**SUPPLIED INFORMATION:**

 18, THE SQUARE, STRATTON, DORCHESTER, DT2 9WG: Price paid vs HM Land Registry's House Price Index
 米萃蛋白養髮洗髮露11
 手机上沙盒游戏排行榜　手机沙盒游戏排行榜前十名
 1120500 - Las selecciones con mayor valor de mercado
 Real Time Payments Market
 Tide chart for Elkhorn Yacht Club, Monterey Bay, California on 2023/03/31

**INSTRUCTIONS FOR THE TASK:**
Every word of every entry must be returned as it appears.

**TASK SOLUTION:**
 18, THE SQUARE, STRATTON, DORCHESTER, DT2 9WG: Price paid vs HM Land Registry's House Price Index
 米萃蛋白養髮洗髮露11
 手机上沙盒游戏排行榜　手机沙盒游戏排行榜前十名
 1120500 - Las selecciones con mayor valor de mercado
 Real Time Payments Market
 Tide chart for Elkhorn Yacht Club, Monterey Bay, California on 2023/03/31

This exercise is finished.